Here is a photo I found on the Internet a few years ago. It's a good photo for me to share because it's a 1934 Buick, and I seldom think of my father without thinking of his own 1934 Buick. I don't think this is the same model as Dad's; his may have been a model or two higher. But the point is, it's a black 1934 Buick--the only kind of car we kids had ever seen our father driving.
Before he married Mom, Dad would buy a new car every year or two. Then he bought that Buick, and whatever it was about that car, he loved it so much he never let go of it. He purchased that car when it was new, and it was still our family car in 1955 when Dad died.
Our big family of kids was, however, the subject of ridicule when Dad occasionally came to school to pick us up. Nobody else had a car that old, and in those days, society had not yet begun to appreciate old cars as classics. The sight of all us kids crammed into that old car prompted a lot of jokes.

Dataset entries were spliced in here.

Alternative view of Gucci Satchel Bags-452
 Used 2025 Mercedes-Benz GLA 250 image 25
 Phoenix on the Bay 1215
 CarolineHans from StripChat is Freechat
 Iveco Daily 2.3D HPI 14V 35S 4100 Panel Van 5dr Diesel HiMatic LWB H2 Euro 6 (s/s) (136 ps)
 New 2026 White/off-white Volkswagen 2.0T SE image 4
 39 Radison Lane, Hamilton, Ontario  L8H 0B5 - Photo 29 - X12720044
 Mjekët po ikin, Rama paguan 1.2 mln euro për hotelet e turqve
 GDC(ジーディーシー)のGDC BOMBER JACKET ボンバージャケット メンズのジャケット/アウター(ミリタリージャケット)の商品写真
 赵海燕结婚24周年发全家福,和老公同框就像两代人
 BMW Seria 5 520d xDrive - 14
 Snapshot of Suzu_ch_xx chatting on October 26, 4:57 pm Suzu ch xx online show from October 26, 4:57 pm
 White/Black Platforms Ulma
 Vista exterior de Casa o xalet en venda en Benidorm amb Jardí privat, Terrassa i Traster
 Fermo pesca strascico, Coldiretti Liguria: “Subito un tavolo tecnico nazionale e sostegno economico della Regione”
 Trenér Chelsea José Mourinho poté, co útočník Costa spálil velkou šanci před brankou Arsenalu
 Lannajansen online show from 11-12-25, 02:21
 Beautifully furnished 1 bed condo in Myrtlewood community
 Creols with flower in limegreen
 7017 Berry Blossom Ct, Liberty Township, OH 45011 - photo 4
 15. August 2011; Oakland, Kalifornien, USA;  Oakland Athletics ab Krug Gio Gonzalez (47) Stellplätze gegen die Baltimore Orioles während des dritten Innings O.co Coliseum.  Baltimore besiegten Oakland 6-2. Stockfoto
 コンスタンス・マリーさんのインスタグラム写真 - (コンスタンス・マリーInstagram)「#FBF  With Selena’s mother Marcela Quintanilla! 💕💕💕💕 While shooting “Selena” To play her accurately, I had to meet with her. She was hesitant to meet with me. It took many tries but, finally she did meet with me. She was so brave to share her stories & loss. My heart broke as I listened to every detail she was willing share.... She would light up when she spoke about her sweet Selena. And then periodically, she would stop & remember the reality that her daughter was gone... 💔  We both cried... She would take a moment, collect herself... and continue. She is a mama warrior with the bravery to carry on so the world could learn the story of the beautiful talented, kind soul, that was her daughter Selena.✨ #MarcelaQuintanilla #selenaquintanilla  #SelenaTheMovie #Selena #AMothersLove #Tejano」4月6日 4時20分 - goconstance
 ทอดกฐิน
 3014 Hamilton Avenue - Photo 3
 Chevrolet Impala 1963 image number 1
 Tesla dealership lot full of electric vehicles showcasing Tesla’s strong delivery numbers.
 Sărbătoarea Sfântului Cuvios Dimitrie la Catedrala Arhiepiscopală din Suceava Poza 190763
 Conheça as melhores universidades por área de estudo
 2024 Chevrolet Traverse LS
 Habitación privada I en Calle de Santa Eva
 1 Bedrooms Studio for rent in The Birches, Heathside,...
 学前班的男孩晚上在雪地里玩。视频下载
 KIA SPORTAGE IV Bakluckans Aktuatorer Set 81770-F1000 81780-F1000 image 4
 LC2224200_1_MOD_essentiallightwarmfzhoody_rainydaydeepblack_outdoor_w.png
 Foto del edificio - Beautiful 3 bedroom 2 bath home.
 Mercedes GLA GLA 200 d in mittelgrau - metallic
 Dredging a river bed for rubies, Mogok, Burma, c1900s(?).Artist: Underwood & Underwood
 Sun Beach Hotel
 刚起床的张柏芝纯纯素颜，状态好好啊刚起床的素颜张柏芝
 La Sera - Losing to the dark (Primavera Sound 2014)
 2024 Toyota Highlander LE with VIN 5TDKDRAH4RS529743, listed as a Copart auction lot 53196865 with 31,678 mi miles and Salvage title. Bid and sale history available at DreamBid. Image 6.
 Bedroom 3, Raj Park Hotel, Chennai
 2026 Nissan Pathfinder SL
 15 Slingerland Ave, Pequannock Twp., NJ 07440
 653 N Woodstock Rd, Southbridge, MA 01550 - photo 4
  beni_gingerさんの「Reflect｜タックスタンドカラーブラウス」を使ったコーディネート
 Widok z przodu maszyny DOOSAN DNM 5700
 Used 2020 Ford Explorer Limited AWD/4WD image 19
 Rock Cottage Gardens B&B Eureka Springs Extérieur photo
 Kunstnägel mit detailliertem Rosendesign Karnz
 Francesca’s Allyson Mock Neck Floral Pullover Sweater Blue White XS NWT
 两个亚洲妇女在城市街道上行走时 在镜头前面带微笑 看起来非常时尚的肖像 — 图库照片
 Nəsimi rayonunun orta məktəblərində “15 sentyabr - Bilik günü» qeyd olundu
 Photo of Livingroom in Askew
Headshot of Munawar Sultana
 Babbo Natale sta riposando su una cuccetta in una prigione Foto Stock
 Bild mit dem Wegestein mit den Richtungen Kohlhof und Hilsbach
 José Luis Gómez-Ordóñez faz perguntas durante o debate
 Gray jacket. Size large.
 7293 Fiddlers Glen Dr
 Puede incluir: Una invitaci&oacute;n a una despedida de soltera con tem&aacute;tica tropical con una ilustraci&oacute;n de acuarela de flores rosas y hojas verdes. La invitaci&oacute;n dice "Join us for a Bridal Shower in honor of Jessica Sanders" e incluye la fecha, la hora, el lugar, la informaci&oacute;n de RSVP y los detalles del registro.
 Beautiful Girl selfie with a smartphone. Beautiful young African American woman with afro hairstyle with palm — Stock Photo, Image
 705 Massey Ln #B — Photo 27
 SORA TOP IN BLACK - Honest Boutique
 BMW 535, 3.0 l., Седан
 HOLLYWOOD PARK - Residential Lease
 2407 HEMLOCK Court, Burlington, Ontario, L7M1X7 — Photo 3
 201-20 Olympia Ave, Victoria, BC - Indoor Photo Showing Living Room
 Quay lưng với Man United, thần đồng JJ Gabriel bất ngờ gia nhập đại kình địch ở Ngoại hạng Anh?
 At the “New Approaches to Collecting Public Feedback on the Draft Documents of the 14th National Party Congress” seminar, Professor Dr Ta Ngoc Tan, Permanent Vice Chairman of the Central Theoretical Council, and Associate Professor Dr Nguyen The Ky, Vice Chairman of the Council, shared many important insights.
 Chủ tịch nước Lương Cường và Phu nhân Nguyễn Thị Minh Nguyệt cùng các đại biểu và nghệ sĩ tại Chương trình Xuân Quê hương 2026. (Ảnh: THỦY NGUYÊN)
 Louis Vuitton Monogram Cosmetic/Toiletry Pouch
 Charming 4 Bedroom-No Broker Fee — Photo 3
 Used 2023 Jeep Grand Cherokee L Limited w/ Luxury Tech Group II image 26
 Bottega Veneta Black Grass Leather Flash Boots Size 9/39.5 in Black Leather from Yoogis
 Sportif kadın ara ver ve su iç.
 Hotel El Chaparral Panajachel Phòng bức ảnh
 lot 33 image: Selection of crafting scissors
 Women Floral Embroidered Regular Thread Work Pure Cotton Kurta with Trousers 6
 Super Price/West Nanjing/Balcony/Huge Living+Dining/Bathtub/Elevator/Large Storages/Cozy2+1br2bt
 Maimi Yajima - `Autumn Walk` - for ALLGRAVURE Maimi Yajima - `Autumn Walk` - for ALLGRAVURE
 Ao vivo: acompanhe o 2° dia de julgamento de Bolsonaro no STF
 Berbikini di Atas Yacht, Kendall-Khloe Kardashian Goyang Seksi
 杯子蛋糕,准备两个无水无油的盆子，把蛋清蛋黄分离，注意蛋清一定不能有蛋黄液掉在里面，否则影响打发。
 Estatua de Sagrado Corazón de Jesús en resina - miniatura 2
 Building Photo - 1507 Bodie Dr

The only ding on that car was on the top portion of the front fender, and it apparently had happened when something heavy fell on the car while Dad was at work. Nobody, including my father, had ever been able to hammer out that dent, even with the help of a torch to try to soften the metal.
Every year when spring arrived, Dad would let me help him with the "spring things" the car needed---and that meant cleaning and maintenance procedures. I'd help him as we used a wire brush to give the horse-hair upholstery a thorough cleaning, and I'd watch as he re-tarred the roof and the places where the fenders met the car body...
Dad was meticulous in that car's care. Every oil change Dad performed was written and dated on the walls of his garage, and every license plate (renewed yearly with NEW metal plates) was nailed on the garage walls.
After Dad died, Mom missed our father terribly, and she so identified that car with Dad that finally she couldn't bear seeing it in the garage any more. She sold it to a neighbor boy for $10...including all the old license plates.
Dad had passed away at the age of 50, and the car was still in perfect shape when he died. Considering the care it got from my dad, that car could possibly still have been in use if Dad had lived to be a much older man.
My husband Bob and I had just begun to talk about asking Mom if we could buy the car, when Mom unexpectedly sold it. I was greatly disappointed, but I found some comfort in the fact that it had been sold to a boy who had apparently purchased it BECAUSE of its age. He had lived in our neighborhood and had been familiar with the car and and grown to love it.
I wonder if it still exists somewhere.